La morte a Palermo
PALERMO – È morto all’età di 94 anni Bruno Contrada, ex dirigente della Squadra Mobile di Palermo ed ex numero tre del Sisde, il Servizio per le informazioni e la sicurezza democratica, il servizio segreto civile italiano attivo dal 1977 al 2007.
Il decesso è avvenuto ieri sera poco prima della mezzanotte, come riferito da fonti della famiglia. I funerali si terranno sabato a Palermo.
Una figura centrale negli anni della guerra di mafia
Contrada è stato per decenni una figura centrale e allo stesso tempo controversa nella storia della lotta alla mafia e nei delicati rapporti tra apparati dello Stato e criminalità organizzata.
Dopo aver lavorato nella Squadra Mobile di Palermo, di cui divenne dirigente, guidò anche la sezione siciliana della Criminalpol.
Negli anni Ottanta entrò nel Sisde, il servizio segreto civile italiano, arrivando a ricoprire il ruolo di numero tre dell’organismo in uno dei periodi più violenti della guerra di mafia in Sicilia.
La lunga vicenda giudiziaria
Il nome di Bruno Contrada è rimasto legato soprattutto a una lunga e complessa vicenda giudiziaria, che per anni ha diviso l’opinione pubblica tra innocentisti e colpevolisti.
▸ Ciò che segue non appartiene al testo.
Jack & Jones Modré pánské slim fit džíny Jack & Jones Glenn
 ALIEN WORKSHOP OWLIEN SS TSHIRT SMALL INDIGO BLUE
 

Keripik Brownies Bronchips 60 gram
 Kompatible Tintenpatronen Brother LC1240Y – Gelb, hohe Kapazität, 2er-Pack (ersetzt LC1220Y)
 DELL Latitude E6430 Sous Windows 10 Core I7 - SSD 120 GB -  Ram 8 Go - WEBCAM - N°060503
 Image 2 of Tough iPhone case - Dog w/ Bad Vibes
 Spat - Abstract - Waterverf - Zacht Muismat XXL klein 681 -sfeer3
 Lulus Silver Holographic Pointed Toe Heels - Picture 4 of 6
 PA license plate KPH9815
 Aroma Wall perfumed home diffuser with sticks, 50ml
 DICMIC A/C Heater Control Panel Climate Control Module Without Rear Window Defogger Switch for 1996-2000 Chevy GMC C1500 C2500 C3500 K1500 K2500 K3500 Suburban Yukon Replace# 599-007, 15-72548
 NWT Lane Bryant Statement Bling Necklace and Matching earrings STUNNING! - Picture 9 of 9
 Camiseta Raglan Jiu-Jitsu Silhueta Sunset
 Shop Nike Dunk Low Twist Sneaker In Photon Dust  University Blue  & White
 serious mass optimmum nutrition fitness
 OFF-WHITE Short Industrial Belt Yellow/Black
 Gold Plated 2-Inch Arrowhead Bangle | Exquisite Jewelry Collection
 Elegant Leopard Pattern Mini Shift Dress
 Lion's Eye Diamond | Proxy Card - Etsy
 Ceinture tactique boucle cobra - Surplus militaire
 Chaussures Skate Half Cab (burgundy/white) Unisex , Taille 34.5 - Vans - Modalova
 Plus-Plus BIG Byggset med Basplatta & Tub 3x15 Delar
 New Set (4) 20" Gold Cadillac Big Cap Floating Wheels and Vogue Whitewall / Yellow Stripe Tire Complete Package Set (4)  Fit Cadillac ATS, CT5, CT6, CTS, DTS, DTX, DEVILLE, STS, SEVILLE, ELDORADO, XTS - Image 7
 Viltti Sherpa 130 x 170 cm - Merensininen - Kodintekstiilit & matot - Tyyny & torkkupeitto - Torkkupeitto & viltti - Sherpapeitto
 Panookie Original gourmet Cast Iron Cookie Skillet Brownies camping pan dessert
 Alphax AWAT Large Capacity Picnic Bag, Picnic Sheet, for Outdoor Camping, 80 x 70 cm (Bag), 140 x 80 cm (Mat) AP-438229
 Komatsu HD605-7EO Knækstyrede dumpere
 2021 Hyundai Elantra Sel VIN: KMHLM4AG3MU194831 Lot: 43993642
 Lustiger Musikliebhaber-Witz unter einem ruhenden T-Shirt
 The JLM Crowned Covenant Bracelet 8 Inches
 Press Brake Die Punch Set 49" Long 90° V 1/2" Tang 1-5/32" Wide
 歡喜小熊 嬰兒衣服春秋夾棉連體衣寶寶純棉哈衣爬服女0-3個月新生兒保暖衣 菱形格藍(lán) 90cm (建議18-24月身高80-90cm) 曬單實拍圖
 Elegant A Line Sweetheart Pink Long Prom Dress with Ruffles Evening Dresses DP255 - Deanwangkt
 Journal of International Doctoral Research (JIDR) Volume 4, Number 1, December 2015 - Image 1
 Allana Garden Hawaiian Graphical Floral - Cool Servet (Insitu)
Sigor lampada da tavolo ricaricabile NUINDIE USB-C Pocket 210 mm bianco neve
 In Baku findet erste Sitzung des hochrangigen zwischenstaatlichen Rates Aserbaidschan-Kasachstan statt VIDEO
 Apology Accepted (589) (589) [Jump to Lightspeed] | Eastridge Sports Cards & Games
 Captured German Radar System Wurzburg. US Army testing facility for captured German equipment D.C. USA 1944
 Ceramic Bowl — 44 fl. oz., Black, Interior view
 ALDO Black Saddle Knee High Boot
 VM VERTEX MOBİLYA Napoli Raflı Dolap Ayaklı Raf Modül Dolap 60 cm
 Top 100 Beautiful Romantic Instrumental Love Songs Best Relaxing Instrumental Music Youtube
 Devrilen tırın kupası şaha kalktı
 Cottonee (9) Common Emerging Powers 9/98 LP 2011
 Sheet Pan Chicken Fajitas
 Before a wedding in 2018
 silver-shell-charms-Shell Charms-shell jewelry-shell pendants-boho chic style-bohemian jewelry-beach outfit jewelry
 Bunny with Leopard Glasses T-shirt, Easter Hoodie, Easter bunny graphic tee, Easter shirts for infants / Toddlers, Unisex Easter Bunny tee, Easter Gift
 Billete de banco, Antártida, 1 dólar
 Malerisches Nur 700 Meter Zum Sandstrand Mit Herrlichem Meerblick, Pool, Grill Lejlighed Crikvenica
Nel 2007 fu condannato in via definitiva a dieci anni di reclusione per concorso esterno in associazione mafiosa e scontò otto anni di pena.
La vicenda ebbe però una svolta con la decisione della Corte europea dei diritti umani, che stabilì come, all’epoca dei fatti contestati, il reato di concorso esterno non fosse definito in modo sufficientemente “chiaro e prevedibile”.
Sulla base di questa pronuncia, nel 2017 la Corte di Cassazione dichiarò ineseguibile la condanna, aprendo la strada anche a un risarcimento per l’ex funzionario di polizia.
Le parole dopo la decisione della Corte europea
Negli anni successivi alla decisione dei giudici europei, Contrada tornò più volte sulla vicenda giudiziaria che aveva segnato la sua vita.
In diverse interviste ricordò il peso umano e personale degli anni trascorsi in carcere, sottolineando le conseguenze che quella vicenda ebbe sulla sua carriera e sulla sua famiglia.